Task goal>
Look below for the line with "Army Medallion 43" and the line with "New Balance 928V2"; repeat exactly those two lines and all lines between them, but no pictures.

Data for this exercise>

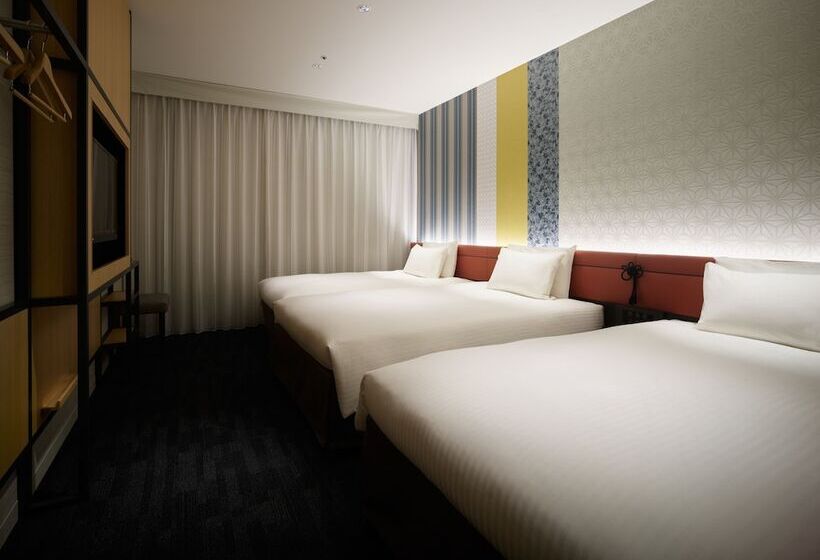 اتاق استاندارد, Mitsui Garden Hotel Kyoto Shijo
==
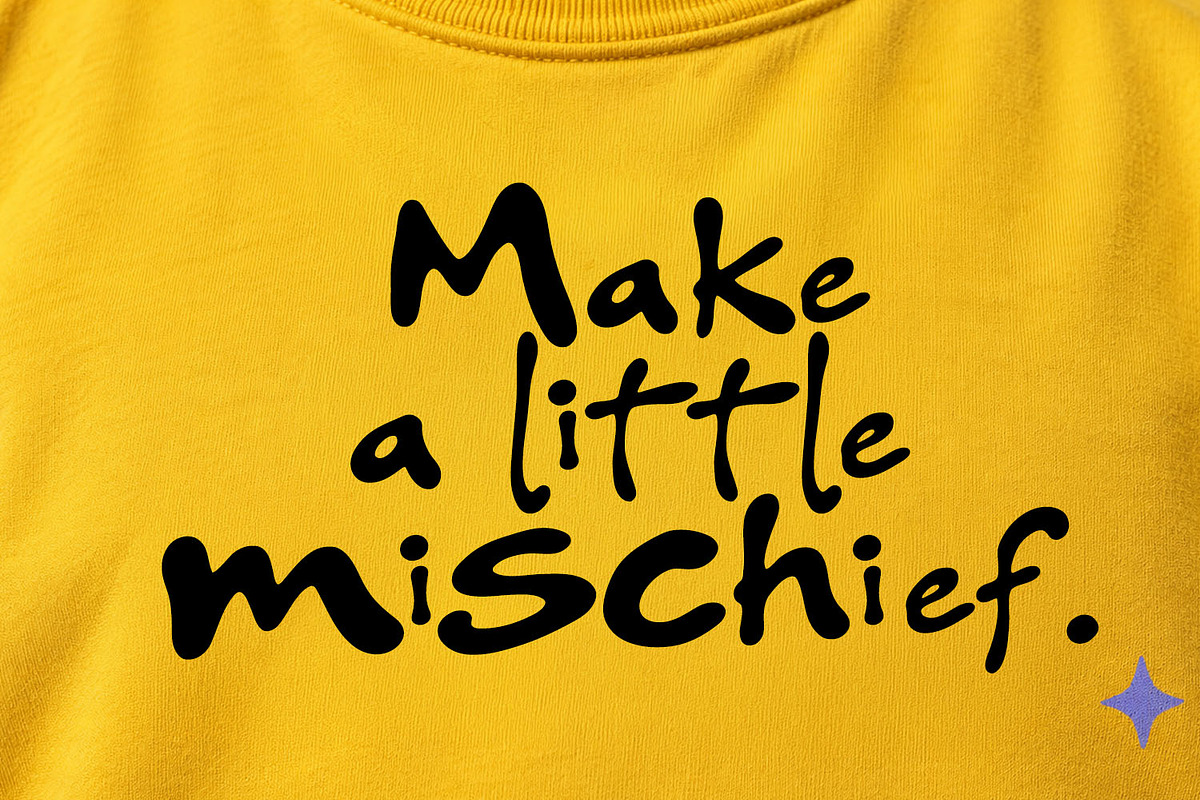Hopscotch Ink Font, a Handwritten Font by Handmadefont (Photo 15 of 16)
...
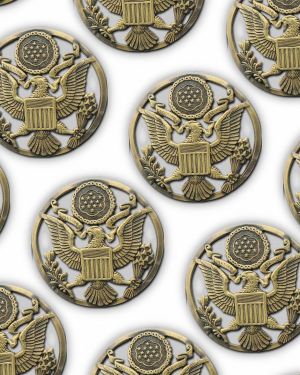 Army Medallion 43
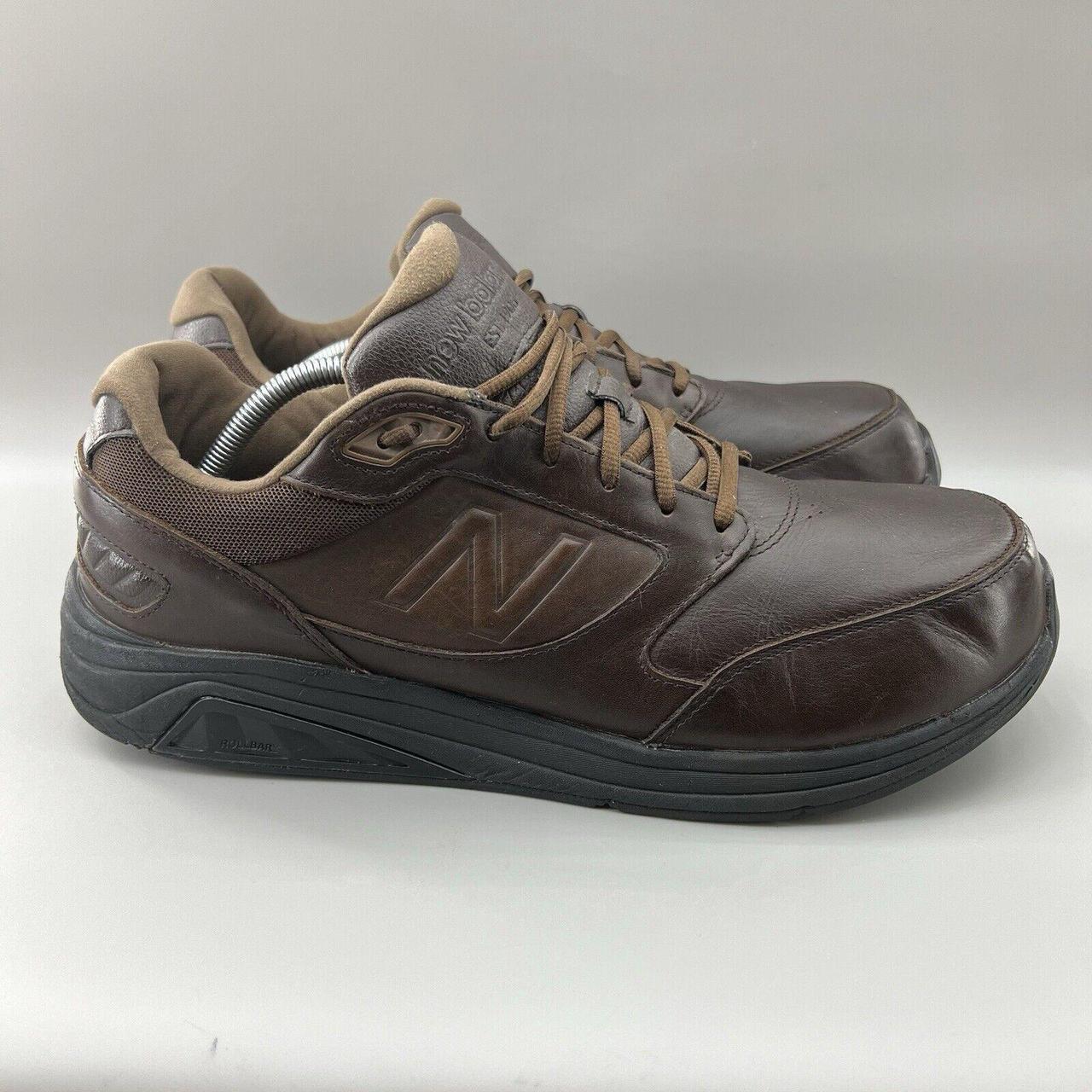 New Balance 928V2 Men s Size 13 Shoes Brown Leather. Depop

Answer section>
 Army Medallion 43
 New Balance 928V2 Men s Size 13 Shoes Brown Leather. Depop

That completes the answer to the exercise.